> [Task requirements] Taking the line that contains "AutoX TEA May 15-2597.jpg" as the first, copy each line exactly up to and including the last line below.

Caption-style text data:
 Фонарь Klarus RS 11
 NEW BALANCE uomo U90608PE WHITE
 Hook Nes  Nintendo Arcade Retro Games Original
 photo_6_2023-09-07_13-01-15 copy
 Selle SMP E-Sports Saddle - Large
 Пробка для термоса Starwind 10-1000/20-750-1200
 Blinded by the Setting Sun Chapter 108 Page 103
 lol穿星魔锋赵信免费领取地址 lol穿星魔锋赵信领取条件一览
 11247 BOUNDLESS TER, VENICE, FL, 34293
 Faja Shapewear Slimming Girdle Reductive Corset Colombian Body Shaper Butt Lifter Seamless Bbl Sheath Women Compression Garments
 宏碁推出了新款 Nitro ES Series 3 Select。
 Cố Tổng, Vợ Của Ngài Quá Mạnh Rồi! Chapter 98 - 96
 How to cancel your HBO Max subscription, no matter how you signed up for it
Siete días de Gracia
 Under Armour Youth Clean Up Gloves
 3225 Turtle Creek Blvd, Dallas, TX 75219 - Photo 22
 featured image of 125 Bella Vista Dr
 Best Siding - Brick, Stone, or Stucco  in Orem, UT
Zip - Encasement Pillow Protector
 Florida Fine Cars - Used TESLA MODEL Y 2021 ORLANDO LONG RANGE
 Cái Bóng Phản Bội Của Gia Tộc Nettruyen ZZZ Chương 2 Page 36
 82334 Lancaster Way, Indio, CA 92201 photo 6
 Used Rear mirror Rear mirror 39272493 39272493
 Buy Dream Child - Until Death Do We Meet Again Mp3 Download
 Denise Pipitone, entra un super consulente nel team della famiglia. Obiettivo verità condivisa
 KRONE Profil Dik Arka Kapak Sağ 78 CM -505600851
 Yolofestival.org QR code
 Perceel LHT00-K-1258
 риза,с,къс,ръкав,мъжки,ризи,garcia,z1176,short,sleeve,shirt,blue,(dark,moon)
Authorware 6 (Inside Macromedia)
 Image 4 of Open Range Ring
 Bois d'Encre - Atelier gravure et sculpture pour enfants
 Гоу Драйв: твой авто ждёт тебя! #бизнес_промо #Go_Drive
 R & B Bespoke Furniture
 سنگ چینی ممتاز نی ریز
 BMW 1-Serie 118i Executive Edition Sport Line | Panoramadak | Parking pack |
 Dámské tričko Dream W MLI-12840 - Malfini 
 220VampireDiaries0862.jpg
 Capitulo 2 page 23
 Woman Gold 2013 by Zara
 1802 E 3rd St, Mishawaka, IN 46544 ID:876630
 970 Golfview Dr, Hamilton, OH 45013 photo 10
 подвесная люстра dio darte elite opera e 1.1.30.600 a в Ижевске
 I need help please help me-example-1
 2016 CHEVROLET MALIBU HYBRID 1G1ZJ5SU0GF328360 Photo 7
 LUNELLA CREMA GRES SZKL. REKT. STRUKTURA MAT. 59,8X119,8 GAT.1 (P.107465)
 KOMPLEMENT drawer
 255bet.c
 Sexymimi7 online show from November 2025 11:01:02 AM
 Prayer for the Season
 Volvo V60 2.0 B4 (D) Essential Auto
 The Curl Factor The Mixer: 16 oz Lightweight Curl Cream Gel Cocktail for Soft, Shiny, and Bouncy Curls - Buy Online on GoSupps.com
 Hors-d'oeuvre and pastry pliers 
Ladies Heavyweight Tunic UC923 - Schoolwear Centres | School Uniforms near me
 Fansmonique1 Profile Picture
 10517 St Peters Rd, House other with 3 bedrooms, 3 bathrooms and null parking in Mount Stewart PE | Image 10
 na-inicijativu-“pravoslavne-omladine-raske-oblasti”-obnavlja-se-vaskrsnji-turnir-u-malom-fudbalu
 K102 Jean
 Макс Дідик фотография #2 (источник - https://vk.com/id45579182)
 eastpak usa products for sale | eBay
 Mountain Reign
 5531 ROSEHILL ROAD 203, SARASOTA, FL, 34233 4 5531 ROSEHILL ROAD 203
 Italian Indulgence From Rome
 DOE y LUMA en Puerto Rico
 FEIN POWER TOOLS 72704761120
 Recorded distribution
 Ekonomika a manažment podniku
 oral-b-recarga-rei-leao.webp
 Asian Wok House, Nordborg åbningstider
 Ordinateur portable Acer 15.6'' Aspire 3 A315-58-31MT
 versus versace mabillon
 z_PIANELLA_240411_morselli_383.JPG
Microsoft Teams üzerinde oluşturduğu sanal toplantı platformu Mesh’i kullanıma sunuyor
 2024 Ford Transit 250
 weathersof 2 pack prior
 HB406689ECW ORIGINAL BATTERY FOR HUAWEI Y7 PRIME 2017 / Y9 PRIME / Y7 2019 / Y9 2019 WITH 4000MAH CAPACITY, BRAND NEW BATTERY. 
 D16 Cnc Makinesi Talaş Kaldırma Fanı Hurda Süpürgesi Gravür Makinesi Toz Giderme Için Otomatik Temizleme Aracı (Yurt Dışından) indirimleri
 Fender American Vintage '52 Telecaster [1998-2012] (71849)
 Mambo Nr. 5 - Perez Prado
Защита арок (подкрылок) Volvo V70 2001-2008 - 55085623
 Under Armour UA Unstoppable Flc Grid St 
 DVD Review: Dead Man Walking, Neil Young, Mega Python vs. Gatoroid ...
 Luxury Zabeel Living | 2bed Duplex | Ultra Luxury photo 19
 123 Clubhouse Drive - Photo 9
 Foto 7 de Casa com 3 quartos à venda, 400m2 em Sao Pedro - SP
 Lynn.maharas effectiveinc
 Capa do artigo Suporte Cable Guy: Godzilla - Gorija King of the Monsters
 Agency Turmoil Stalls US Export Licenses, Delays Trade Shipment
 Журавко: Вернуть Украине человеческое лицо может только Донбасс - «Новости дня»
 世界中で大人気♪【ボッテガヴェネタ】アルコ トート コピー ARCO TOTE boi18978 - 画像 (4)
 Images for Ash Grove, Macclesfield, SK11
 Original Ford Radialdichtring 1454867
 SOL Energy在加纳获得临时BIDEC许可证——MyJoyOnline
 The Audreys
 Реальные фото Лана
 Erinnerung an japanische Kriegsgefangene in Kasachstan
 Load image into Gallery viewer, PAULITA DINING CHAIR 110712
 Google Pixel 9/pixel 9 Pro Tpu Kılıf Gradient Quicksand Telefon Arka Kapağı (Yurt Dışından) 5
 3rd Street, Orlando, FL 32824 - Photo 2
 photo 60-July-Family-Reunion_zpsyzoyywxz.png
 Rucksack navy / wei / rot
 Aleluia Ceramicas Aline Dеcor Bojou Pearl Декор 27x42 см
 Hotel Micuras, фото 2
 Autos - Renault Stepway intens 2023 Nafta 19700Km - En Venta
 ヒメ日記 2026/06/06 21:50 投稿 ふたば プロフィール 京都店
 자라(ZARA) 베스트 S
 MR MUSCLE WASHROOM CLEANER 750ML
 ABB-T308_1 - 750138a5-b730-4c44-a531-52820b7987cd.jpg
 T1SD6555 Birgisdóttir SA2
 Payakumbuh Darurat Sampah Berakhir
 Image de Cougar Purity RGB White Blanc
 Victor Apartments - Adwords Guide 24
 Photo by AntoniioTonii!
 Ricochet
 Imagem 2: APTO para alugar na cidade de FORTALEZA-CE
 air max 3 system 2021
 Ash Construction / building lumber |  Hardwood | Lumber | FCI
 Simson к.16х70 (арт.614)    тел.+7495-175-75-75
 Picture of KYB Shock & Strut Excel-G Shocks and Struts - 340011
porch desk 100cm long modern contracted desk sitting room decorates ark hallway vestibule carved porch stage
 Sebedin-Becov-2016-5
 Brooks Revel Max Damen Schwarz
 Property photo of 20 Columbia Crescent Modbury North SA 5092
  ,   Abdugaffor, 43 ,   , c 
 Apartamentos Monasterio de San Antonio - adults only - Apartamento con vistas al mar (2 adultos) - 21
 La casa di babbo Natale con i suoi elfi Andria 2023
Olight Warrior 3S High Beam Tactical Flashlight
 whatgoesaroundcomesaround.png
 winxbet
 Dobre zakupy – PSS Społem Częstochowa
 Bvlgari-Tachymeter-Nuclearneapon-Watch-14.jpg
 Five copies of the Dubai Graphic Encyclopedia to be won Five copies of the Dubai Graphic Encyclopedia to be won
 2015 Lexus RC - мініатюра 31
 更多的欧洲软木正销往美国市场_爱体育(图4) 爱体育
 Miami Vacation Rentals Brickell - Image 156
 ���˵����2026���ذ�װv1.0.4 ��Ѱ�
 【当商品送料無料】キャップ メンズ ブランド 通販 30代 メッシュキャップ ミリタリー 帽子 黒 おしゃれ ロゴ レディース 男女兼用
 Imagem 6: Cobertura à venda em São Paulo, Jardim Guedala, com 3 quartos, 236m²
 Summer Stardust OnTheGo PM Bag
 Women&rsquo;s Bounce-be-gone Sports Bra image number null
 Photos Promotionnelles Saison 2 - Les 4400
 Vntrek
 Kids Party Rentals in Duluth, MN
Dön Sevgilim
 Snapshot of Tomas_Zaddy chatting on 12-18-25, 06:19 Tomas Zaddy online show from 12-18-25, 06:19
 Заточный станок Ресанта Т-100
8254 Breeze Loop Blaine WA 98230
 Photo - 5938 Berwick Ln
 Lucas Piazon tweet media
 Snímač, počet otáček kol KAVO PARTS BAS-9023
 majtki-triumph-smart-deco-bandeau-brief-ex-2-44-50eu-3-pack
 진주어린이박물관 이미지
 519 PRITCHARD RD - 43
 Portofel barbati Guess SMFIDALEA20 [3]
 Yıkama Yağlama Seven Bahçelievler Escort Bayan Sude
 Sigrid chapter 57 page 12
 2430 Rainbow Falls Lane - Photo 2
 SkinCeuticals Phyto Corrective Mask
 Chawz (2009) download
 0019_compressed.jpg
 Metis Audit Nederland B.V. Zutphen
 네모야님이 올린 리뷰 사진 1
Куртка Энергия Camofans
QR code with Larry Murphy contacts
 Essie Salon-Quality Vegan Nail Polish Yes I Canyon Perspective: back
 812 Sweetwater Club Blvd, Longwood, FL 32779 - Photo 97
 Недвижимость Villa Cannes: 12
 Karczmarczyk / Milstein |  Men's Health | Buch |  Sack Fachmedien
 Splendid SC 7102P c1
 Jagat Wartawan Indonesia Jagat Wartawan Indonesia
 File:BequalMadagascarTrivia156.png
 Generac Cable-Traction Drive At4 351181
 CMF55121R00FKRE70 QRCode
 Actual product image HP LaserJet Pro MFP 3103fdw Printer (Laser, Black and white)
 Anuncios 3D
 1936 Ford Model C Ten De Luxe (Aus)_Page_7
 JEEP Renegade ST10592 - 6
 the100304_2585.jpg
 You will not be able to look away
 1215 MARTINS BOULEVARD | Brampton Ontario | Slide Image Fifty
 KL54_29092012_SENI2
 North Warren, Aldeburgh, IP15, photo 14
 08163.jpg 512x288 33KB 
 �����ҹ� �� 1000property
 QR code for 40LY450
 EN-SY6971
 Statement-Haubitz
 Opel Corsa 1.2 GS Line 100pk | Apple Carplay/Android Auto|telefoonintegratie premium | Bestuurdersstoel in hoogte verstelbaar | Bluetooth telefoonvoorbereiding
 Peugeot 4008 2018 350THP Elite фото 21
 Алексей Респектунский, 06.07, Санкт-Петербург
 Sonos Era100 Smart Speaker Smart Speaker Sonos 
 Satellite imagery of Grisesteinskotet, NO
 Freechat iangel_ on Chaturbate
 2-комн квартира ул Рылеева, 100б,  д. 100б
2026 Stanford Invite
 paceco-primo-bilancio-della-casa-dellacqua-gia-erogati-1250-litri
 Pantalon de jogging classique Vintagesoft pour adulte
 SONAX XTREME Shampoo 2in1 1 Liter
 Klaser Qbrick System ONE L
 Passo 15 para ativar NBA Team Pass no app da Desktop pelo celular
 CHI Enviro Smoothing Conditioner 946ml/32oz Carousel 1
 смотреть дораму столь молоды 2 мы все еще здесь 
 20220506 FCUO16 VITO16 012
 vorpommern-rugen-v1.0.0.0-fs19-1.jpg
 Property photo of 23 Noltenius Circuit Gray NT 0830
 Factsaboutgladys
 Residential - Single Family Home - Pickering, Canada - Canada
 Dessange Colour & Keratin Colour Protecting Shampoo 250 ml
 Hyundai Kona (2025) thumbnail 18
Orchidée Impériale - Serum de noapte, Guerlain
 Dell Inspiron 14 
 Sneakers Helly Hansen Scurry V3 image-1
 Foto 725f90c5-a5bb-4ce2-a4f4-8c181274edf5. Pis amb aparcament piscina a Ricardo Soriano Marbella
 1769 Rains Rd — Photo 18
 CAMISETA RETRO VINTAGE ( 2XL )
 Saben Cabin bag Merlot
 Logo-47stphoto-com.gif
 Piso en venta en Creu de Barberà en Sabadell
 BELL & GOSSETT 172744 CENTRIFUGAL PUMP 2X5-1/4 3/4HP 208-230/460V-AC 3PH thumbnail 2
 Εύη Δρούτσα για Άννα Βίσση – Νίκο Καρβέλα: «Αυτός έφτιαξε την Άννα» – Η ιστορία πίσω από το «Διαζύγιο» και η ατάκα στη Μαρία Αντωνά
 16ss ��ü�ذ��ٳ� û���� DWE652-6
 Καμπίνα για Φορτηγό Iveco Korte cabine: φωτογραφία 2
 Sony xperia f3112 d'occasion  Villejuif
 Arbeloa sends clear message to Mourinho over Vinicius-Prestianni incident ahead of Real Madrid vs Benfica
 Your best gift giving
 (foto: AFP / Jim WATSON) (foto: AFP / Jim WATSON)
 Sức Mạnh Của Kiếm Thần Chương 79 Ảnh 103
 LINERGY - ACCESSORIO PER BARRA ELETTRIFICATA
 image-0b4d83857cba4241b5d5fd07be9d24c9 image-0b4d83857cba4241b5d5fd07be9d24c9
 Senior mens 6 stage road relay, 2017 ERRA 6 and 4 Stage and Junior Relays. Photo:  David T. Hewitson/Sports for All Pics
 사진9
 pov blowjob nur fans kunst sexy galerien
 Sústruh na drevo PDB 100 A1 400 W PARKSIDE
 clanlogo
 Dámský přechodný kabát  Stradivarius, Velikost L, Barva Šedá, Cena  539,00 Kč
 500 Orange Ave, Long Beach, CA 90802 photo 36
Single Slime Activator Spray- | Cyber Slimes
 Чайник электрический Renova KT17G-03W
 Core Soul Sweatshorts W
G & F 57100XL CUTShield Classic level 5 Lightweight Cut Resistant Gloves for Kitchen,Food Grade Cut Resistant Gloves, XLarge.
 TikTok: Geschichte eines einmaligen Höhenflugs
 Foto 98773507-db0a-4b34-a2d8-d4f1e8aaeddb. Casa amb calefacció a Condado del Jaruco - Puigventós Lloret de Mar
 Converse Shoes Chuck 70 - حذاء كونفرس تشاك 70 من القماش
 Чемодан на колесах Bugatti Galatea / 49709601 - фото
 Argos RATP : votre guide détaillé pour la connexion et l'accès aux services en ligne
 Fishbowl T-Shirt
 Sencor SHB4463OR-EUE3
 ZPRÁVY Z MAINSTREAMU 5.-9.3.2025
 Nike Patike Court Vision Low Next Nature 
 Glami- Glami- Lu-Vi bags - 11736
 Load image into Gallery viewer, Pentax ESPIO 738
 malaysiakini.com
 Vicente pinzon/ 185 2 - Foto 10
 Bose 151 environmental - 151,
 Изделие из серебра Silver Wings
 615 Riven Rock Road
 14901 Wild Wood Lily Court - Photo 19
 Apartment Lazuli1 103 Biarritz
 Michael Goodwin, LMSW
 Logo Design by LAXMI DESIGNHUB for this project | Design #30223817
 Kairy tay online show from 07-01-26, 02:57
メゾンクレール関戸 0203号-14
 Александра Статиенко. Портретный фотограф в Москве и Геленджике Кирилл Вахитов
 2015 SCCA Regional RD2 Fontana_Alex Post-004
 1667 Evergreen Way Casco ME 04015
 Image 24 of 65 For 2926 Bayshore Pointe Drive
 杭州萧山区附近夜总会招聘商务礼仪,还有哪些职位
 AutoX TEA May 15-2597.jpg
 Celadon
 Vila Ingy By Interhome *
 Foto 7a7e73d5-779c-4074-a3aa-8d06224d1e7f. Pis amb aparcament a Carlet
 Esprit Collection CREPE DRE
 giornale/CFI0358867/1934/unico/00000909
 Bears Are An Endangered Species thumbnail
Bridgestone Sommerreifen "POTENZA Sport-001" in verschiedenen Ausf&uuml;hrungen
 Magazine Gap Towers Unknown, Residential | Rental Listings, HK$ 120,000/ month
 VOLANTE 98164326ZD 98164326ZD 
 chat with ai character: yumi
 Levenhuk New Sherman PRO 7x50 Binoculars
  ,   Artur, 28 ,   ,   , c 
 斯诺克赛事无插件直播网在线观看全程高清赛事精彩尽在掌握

> [Response]
 AutoX TEA May 15-2597.jpg
 Celadon
 Vila Ingy By Interhome *
 Foto 7a7e73d5-779c-4074-a3aa-8d06224d1e7f. Pis amb aparcament a Carlet
 Esprit Collection CREPE DRE
 giornale/CFI0358867/1934/unico/00000909
 Bears Are An Endangered Species thumbnail
Bridgestone Sommerreifen "POTENZA Sport-001" in verschiedenen Ausf&uuml;hrungen
 Magazine Gap Towers Unknown, Residential | Rental Listings, HK$ 120,000/ month
 VOLANTE 98164326ZD 98164326ZD 
 chat with ai character: yumi
 Levenhuk New Sherman PRO 7x50 Binoculars
  ,   Artur, 28 ,   ,   , c 
 斯诺克赛事无插件直播网在线观看全程高清赛事精彩尽在掌握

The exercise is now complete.